= TASK DETAILS =
In the records below, the relevant part opens with the line containing "Personalized Trinidad and" and closes with the line containing "Faded Bramante Wallpaper"; print that part exactly and only, without its pictures.

──────── GIVEN INFORMATION ────────

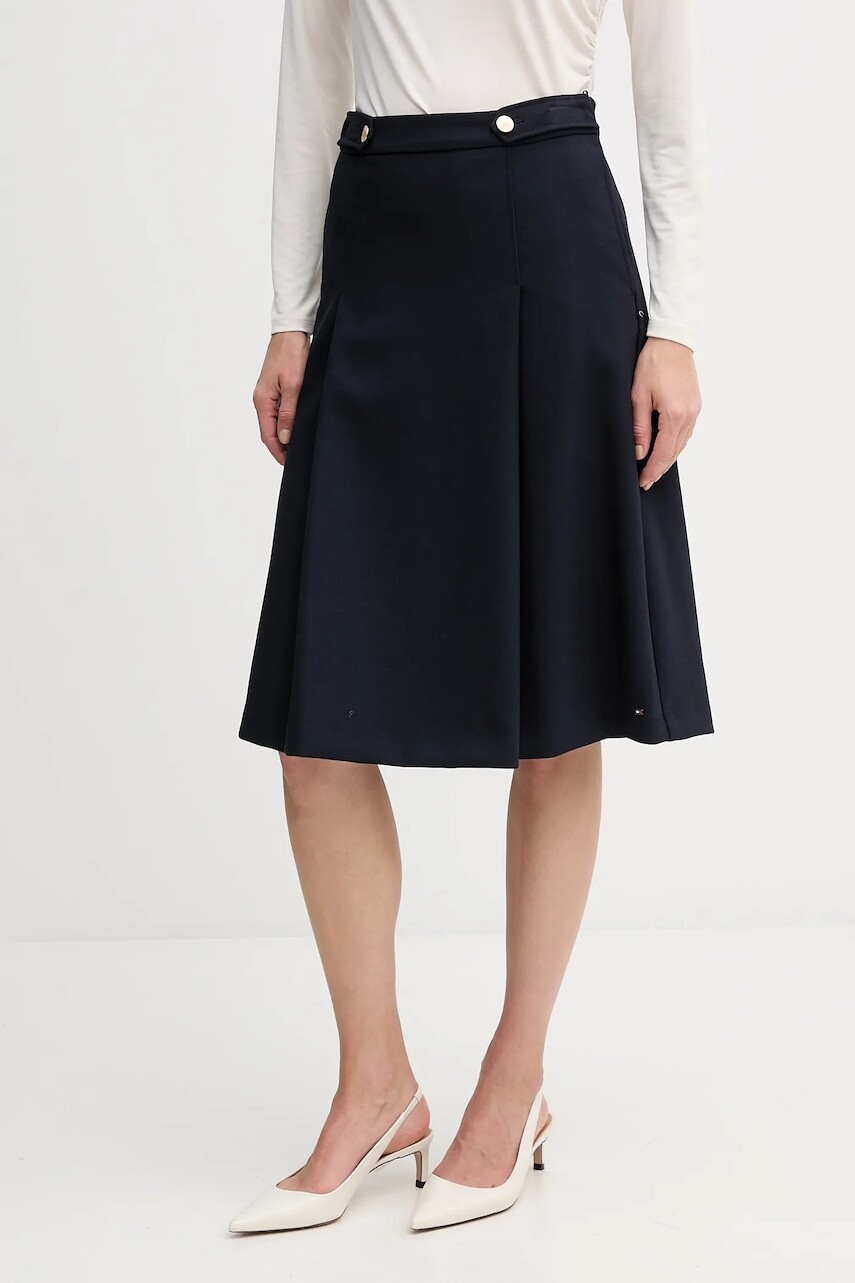 Sukňa Tommy Hilfiger tmavomodrá farba, midi, áčkový strih, WW0WW48263
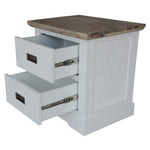 Fiona Bedside Tables 2 Drawers Storage Cabinet End Nightstand Table White Grey V315-VOB-FOLK-03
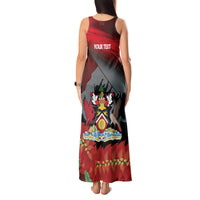 Personalized Trinidad and Tobago Independence Day Tank Maxi Dress Scarlet Ibis And Chaconia Flowers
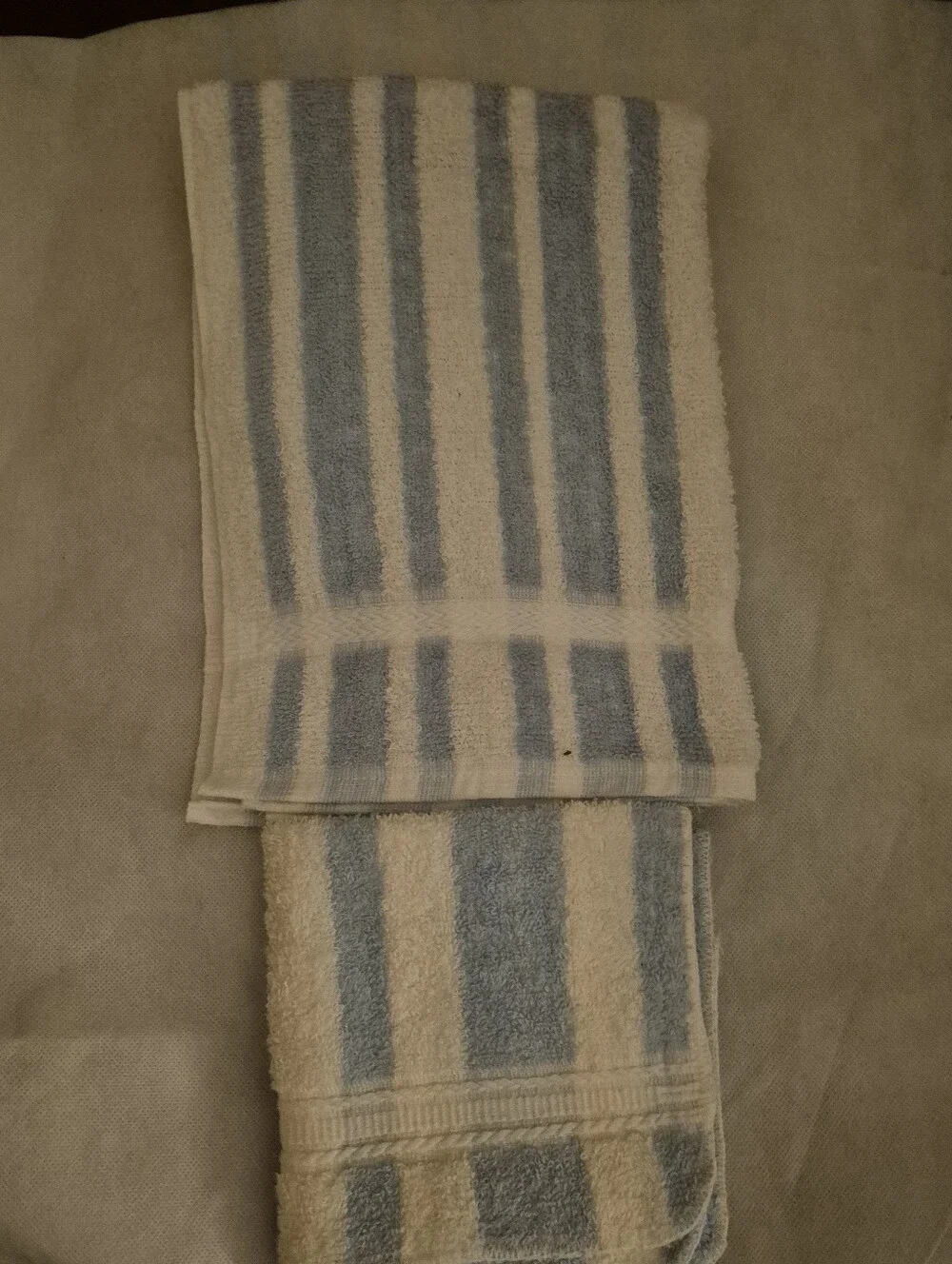 Set of Towels Blue and White Striped hand towel and face towel extra large New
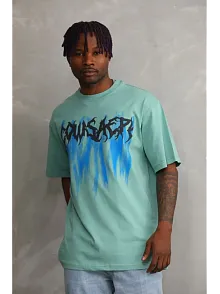 Erkek Baskılı T-shirt Kısa Kol Bisiklet Yaka Rahat Kalıp Tişört - Mint Yeşili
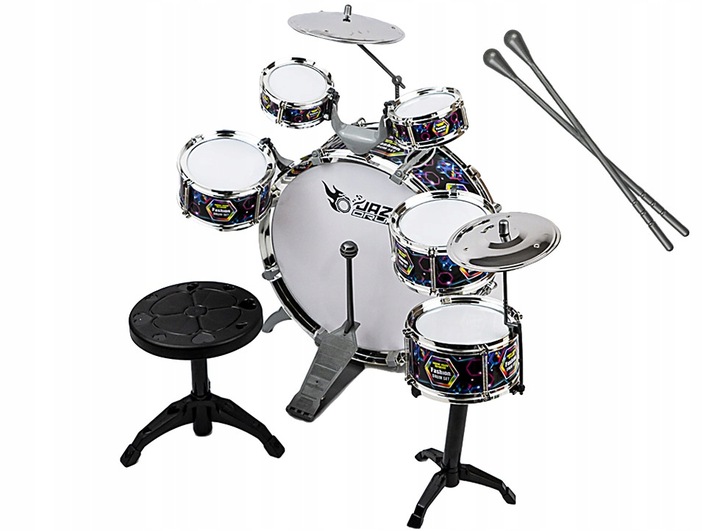 PERKUSJA DUŻA DLA DZIECI ZESTAW 6 BĘBNÓW 2 TALERZE TABORET ZABAWKA MUZYCZNA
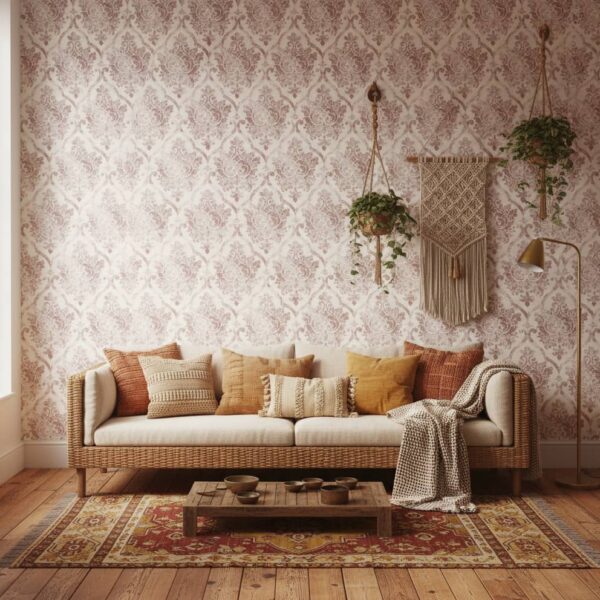 Faded Bramante Wallpaper wallpaper in a Bohemian room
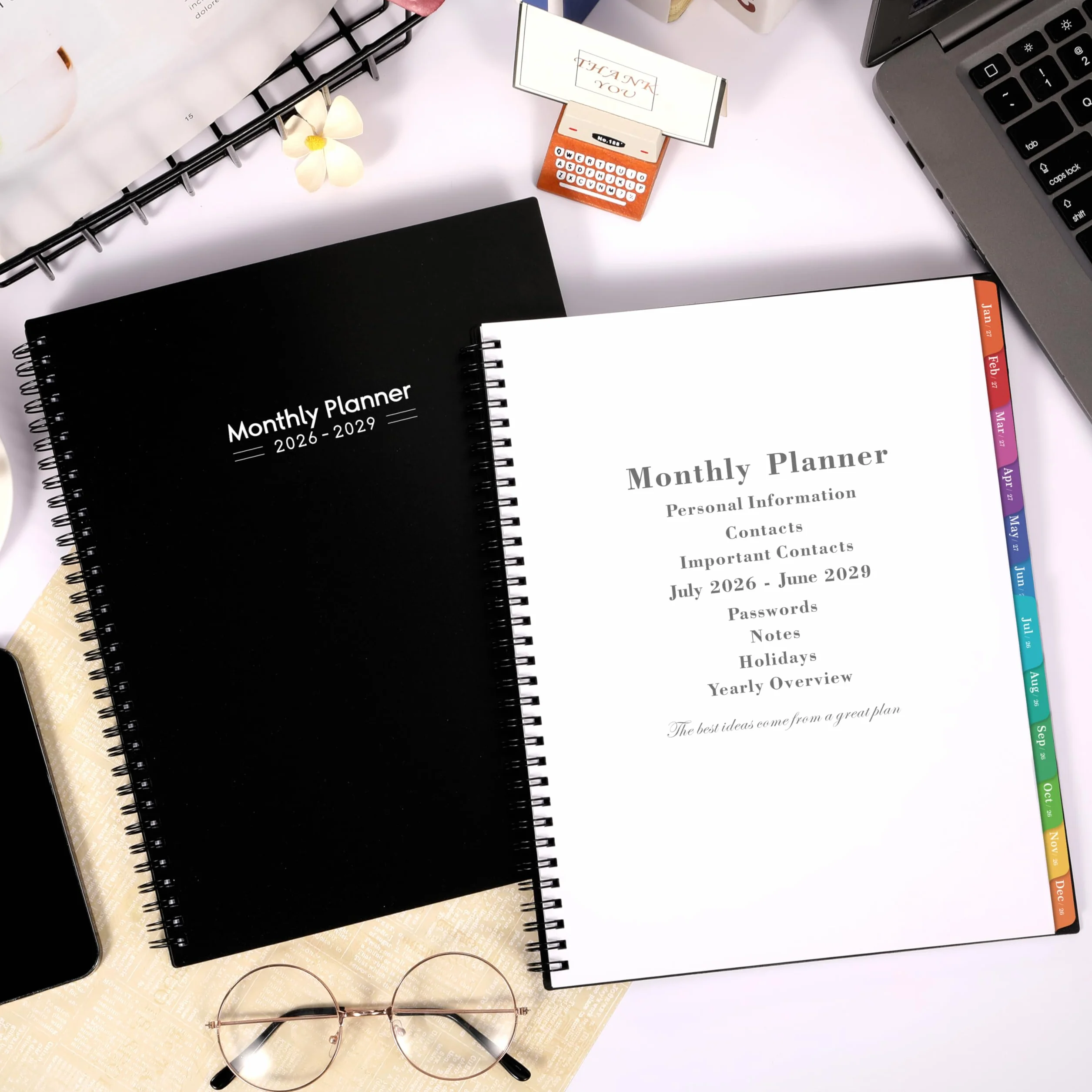 Planning mensuel 2026-2029 – Planificateur mensuel 3 ans 22,9 x 27,9 cm avec onglets colorés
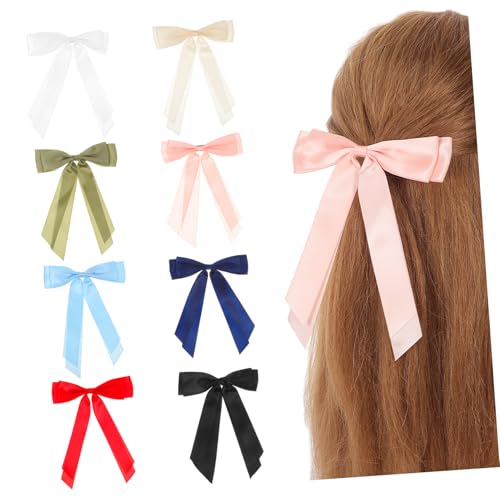 Homoyoyo 8 Stück Teiliges Polyester Schleifen Haarspangen Alligator Clips Rutschfest Bunte Haarklammern für Frauen Mädchen Stilvolle Haarschmuck Accessoires für Alltag und Besondere Anlässe von Homoyoyo
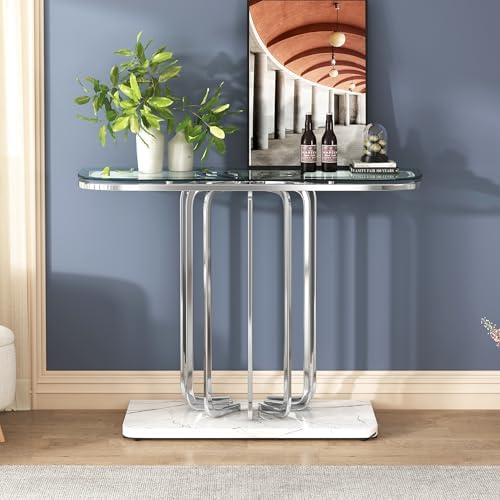 O&K FURNITURE 43" Modern Glass Console Table with Curved Chrome Fram...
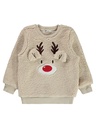 Beige Velsoft Deer Sweatshirt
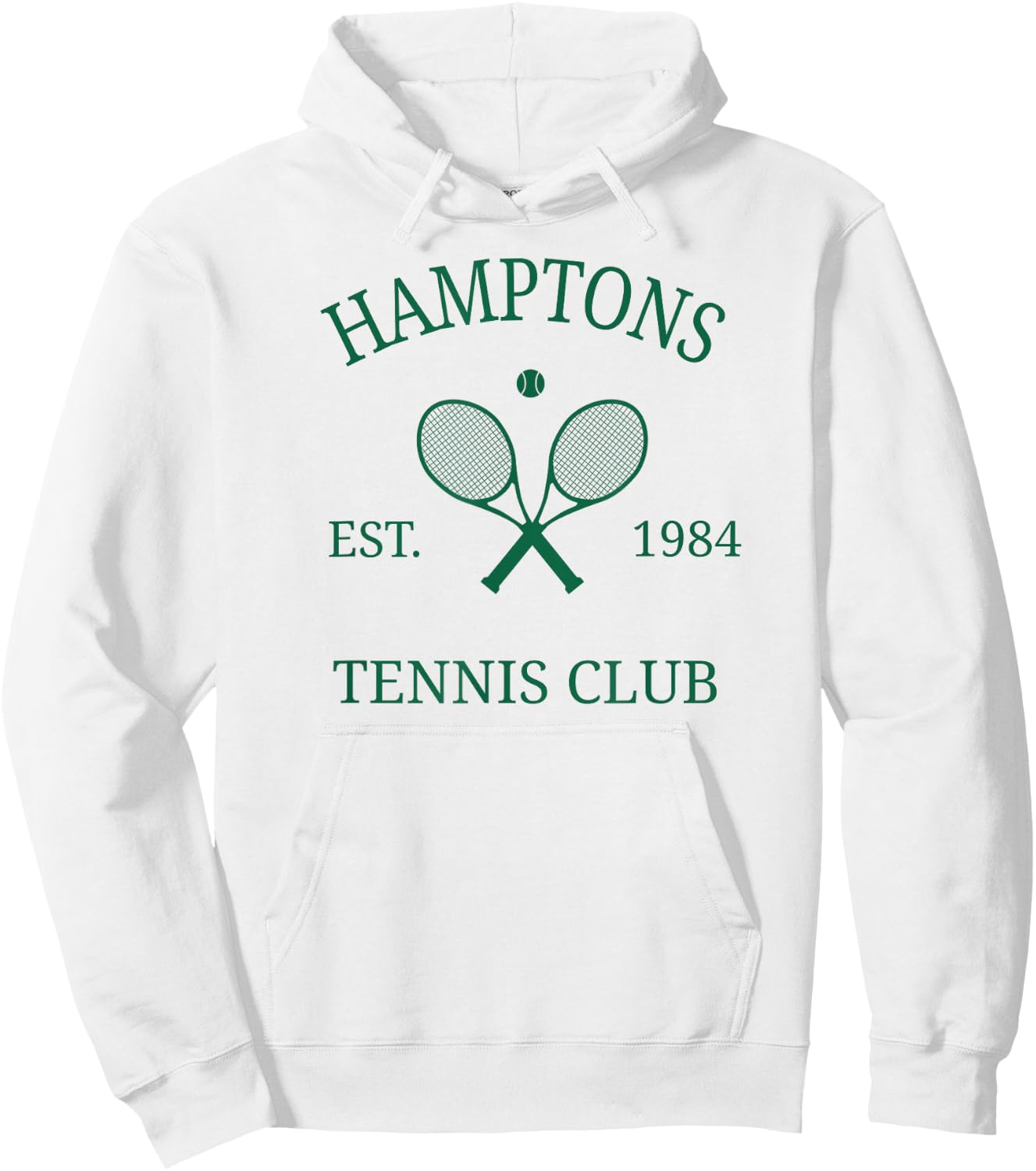 Hamptons Athletics Tennis Club Racquet Prep Vintage NY Hoodie - Hoodie | White
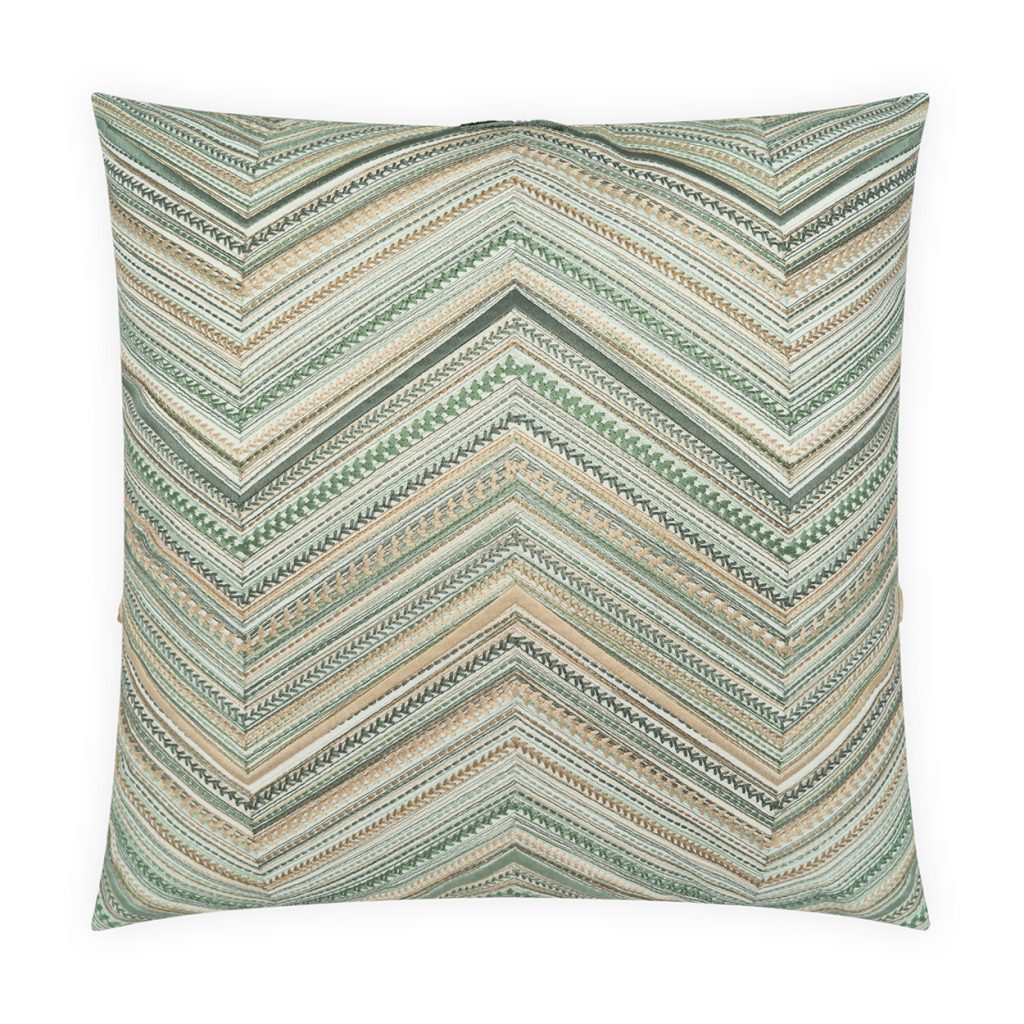 The Marquise Pillow 22 x 22 by D.V. KAP / Canaan Company features a chevron pattern in earthy green, beige, and tan tones for a natural, cozy look with Missoni-inspired zigzag stripes.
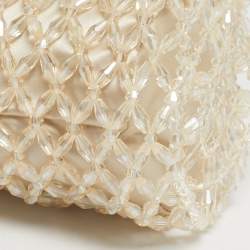 مملوكة مسبقًا Charles & Keith Light Cream Beaded Chain Bucket Bag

────────

= FINAL ANSWER =
 Personalized Trinidad and Tobago Independence Day Tank Maxi Dress Scarlet Ibis And Chaconia Flowers
 Set of Towels Blue and White Striped hand towel and face towel extra large New
 Erkek Baskılı T-shirt Kısa Kol Bisiklet Yaka Rahat Kalıp Tişört - Mint Yeşili
 PERKUSJA DUŻA DLA DZIECI ZESTAW 6 BĘBNÓW 2 TALERZE TABORET ZABAWKA MUZYCZNA
 Faded Bramante Wallpaper wallpaper in a Bohemian room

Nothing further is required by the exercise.